# GIVEN RECORDS
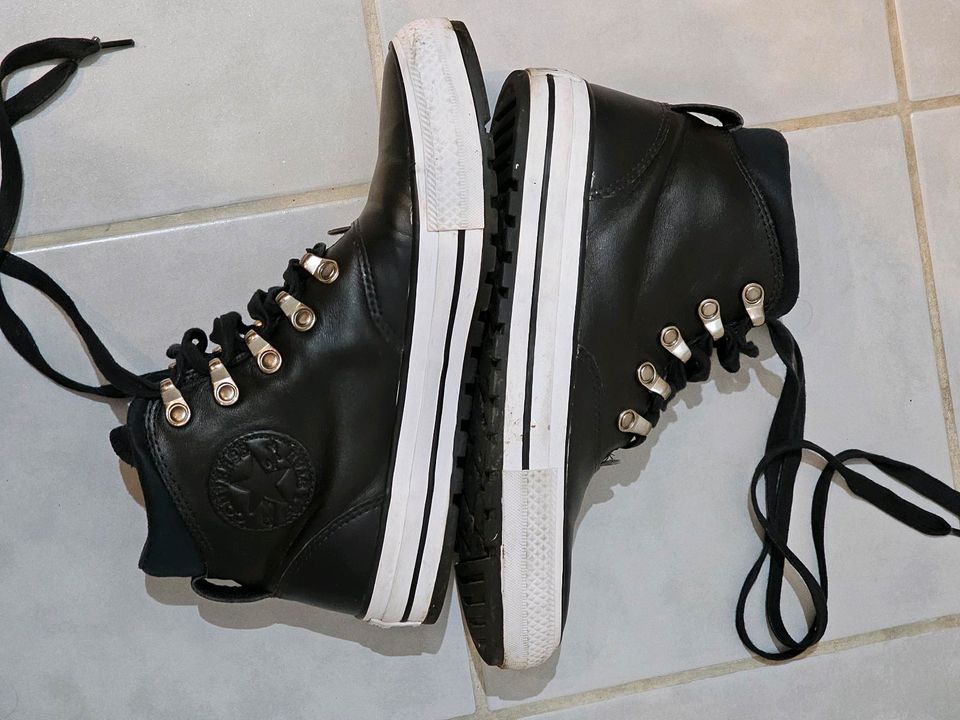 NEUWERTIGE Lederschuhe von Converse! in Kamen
...
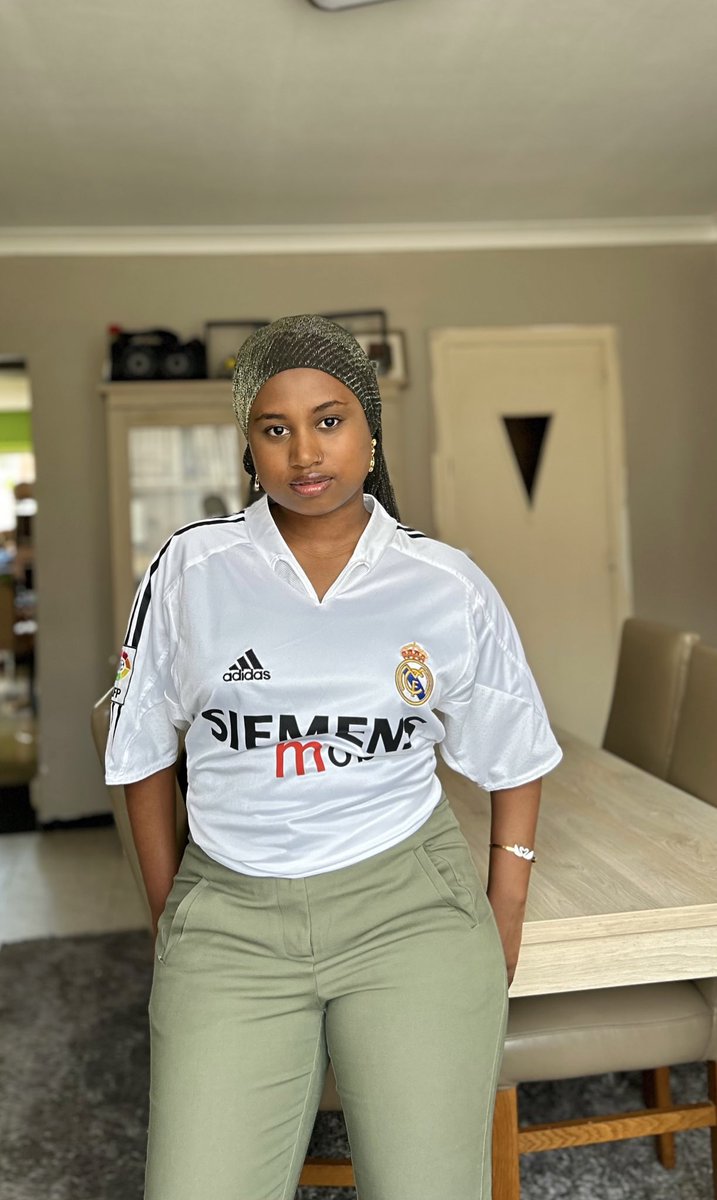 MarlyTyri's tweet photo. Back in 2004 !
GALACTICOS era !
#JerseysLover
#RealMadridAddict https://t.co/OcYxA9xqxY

# PROBLEM STATEMENT
Beginning with the line above that has "MarlyTyri's tweet photo. Back in 2004 !" and going on through the line that has "#RealMadridAddict https://t.co/OcYxA9xqxY", retype every line exactly and add nothing else; drop the pictures.

# YOUR SOLUTION
 MarlyTyri's tweet photo. Back in 2004 !
GALACTICOS era !
#JerseysLover
#RealMadridAddict https://t.co/OcYxA9xqxY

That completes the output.